Designed for farmers and agribusinesses, this revolving line of credit
is a tax liability and cash flow solution.

by Tarrell Bennett, Chief Lending Officer, Southwest Georgia Farm Credit | Nov 19, 2017

Many people view the end of the year as a time for celebration and family. But farmers often think of it as the time to meet with their accountant, go over end-of-the-year financials and strategize to reduce one of the biggest payables for the coming year: the one due to Uncle Sam in April.

That doesn’t seem like much to celebrate . . . unless you’ve learned how to zero out your tax liability through a Revolving Line of Credit.

What do we mean? Southwest Georgia Farm Credit Relationship Manager Tarrell Bennett explains.

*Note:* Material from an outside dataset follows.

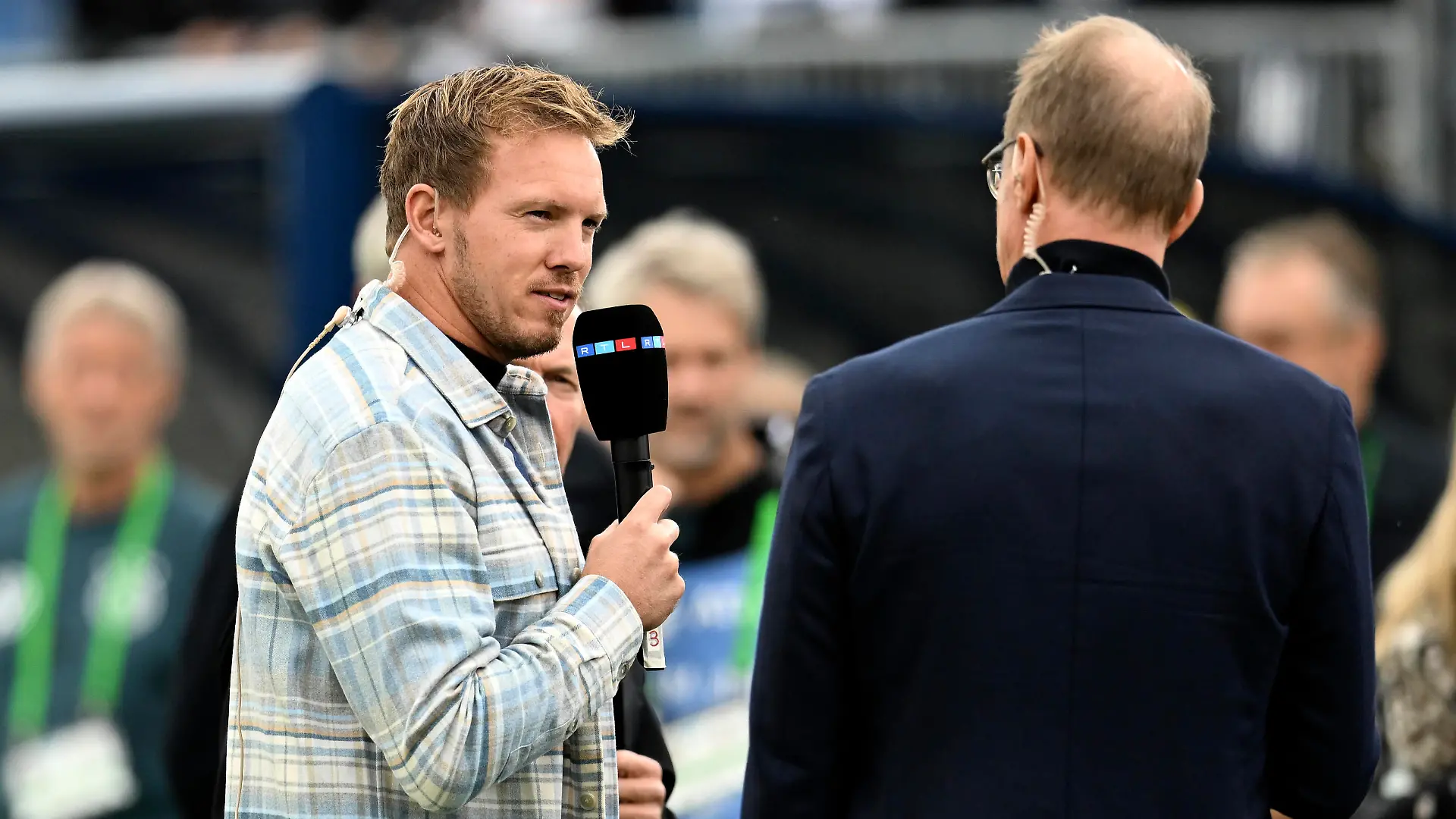 14.10.2023, Fussball Nationalteams Freundschaftsspiele 2023, Länderspiel, USA - Deutschland, im Pratt & Whitney Stadium at Rentschler Field Hartford, Conneticut, USA, li: Bundestrainer Julian Nagelsmann Deutschland beim Interview mit Florian König *** 14 10 2023, soccer national teams friendlies 2023, international match, USA Germany, at Pratt Whitney Stadium at Rentschler Field Hartford, Conneticut, USA , li national coach Julian Nagelsmann Germany interviewing Florian König.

“Say we set up a $1 million Revolving Line of Credit for a farmer. In December, if he thinks he’s going to have tax consequences, he can pre-pay his expenses—fertilizer, seed, chemicals—and take the deduction this year,” Bennett said. He has just zeroed out his tax liability.

And it gets better. In the next calendar year, when he receives payment on inventory, he can pay down the loan amount, which frees up the balance available for other cash-flow needs, like rent for the next year’s crop. He can keep drawing against that $1 million until it’s maxed out. Then at harvest time, he can pay back the loan through monies received when commodities are sold.

Designed for the farmer and farm business

“The Revolving Line of Credit fits a farming operation,” Bennett says. Unlike the traditional operating loan or non-revolving line of credit, “it’s not just all out and all in – it’s constantly out and in.” Besides easing your cash flow throughout the year, a Revolving Line of Credit offers you more opportunities to take advantage of strategies like reducing your tax liability. And you only pay interest on the outstanding balance.

Unlike commercial banks, Farm Credit caters to the unique needs of a farmer; we understand that their operation doesn’t always conform to a one-size-fits-all financial product. The difference is also noticeable in the loan application process, Bennett says. “Most underwriters and commercial banking institutions don’t recognize that a farmer can be paying no taxes and showing losses on a farm, but still making progress because he’s building up inventory or receivables or increasing prepayments.”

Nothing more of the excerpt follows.